Enoturismo, tra natura, hub enogastronomici e digitale

di redazione

Sotto la lente della Global Conference on Wine Tourism di Alba, le nuove tendenze dell’enoturismo, che parlano esperienze immersive in natura, gastronomia in cantina e degustazioni nel metaverso, con una domanda sempre più sofisticata.

Diversificazioni in atto per il mercato dell’enoturismo, che si trasforma sempre più in un’esperienza immersiva a 360 gradi nella natura. In diffusione gli hub enogastronomici, le proposte di accoglienza in cantina, ma anche forme esperienziali più originali come il nature bathing, le degustazioni digitali e il wine glamping. Nuovi trend nati per soddisfare una fascia di utenti sempre più diversificata ed esigente.

Del resto, un paese come l’Italia con 526 vini certificati, 6 beni materiali e immateriali riconosciuti come patrimonio dell’umanità, 3 città creative Unesco per l’enogastronomia e 2 Paesaggi della FAO non può non condurre le aziende a rivoluzionare la classica offerta ricettiva.

Le novità sono state presentate alla recente Global Conference on Wine Tourism di Alba, in Piemonte.

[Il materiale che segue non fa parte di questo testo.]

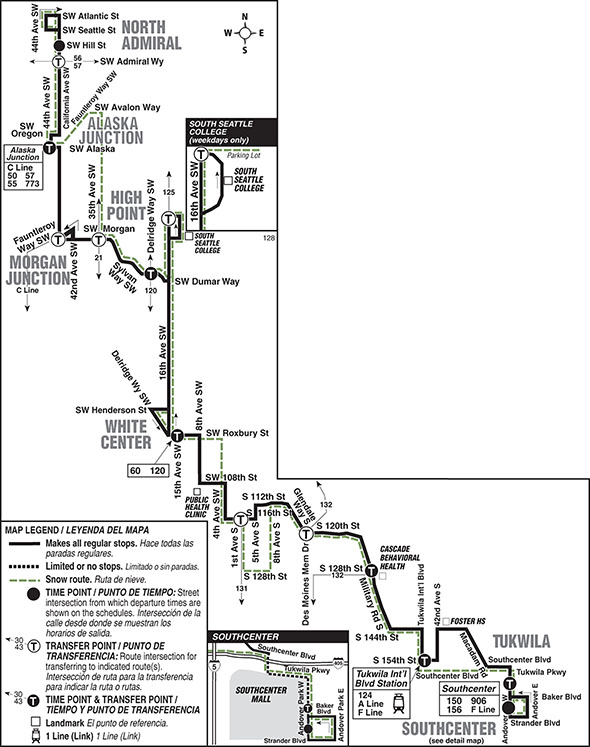 Map for Route 128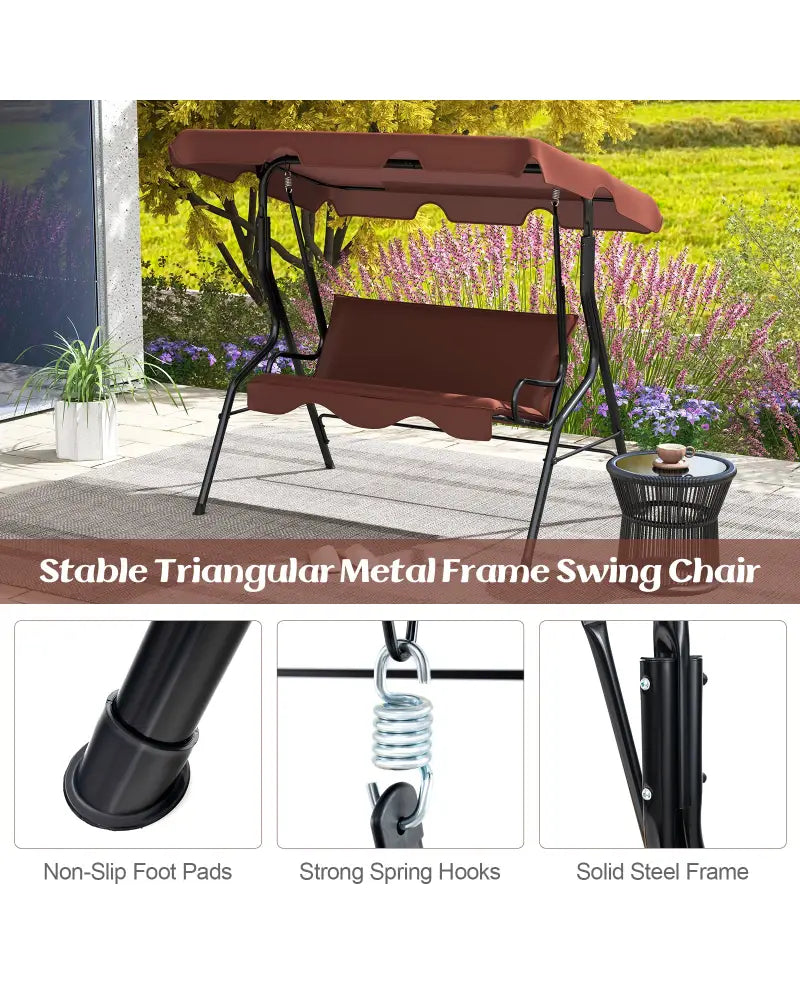 3 Seat Outdoor Patio Canopy Swing with Cushioned Steel Frame-Brown - Brown - Porch Swings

SOSTENIBILITÀ SOCIALE E SPAZI APERTI

Sono 7 su 10 i turisti italiani che si dichiarano più propensi a visitare un’azienda di produzione se questa prevede progetti di sostegno alla comunità locale.

Tour in bicicletta, e-bike, mountain bike, trekking del vino e del gusto, combinando modalità attive e slow, sono le modalità preferite. Per questo l’enoturismo italiano si trasforma anche nelle sue modalità di accoglienza del turista, per un’esperienza omnicomprensiva.